## WORK TO BE COMPLETED
Repeat the data that follows exactly, starting at the line with "Buteo lineatus elegans" and ending at the line with "Swainson's Warbler - ML620428870", and leave out every picture.

## STUDY MATERIAL
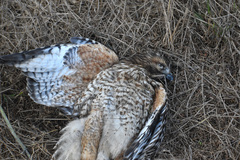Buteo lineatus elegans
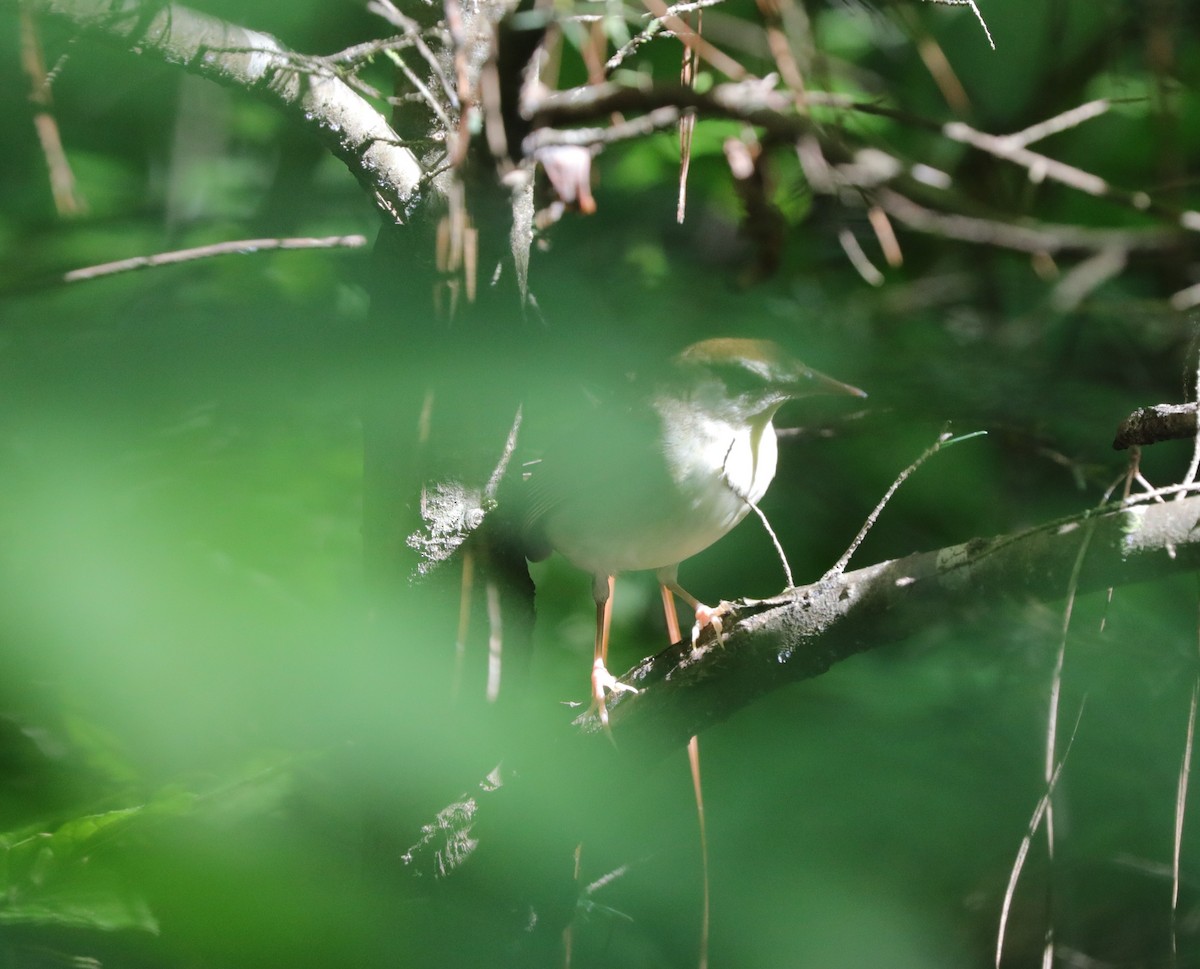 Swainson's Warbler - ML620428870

--

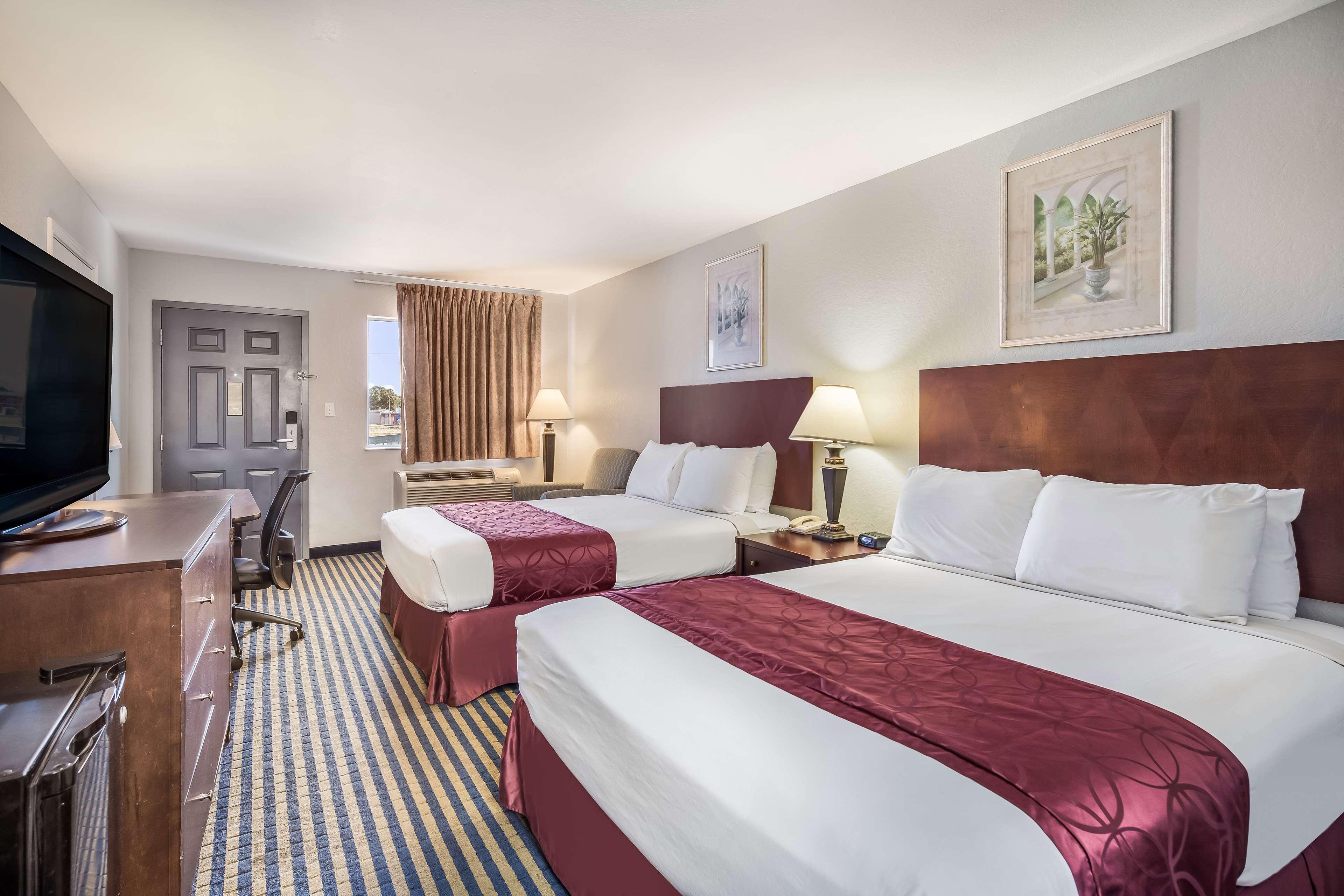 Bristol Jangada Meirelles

...

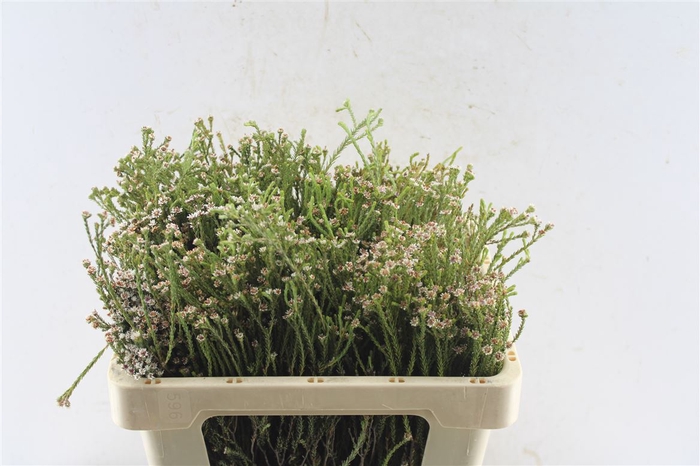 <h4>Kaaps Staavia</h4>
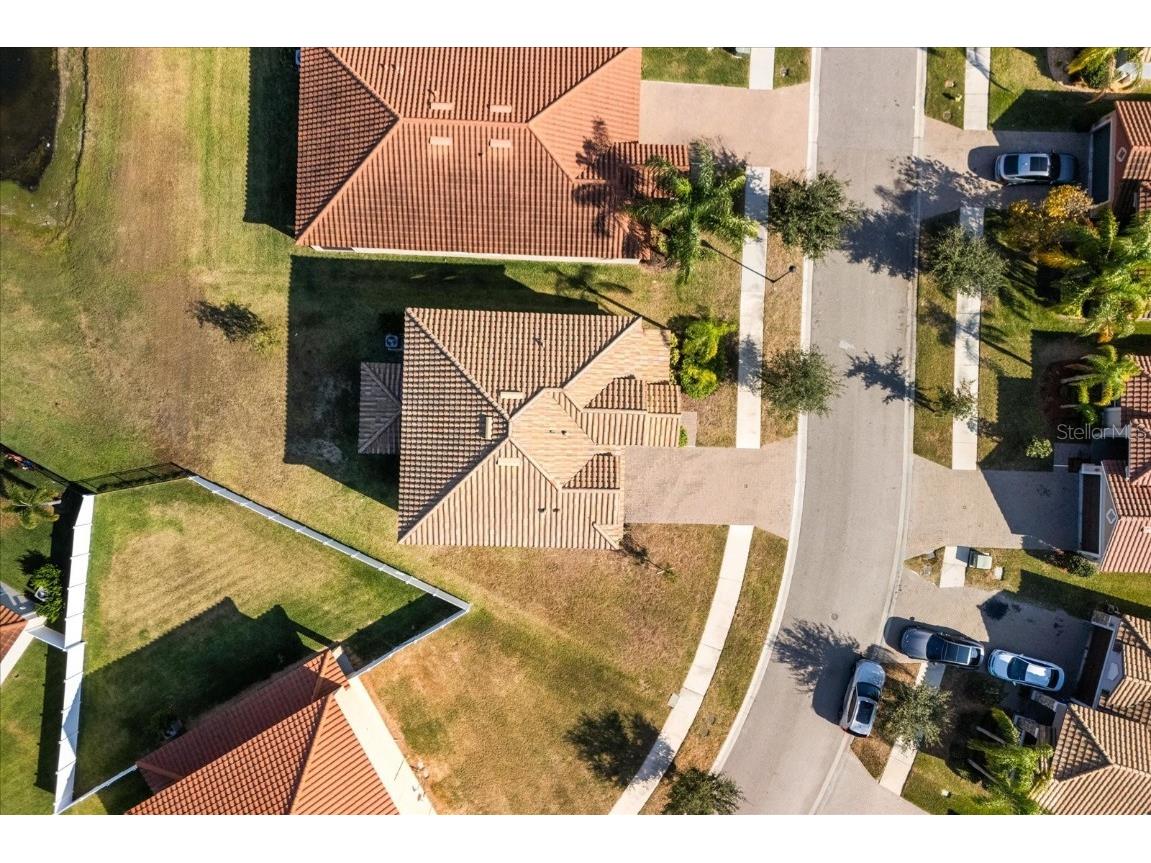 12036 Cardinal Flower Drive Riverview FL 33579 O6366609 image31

## WRITTEN REPLY
Buteo lineatus elegans
 Swainson's Warbler - ML620428870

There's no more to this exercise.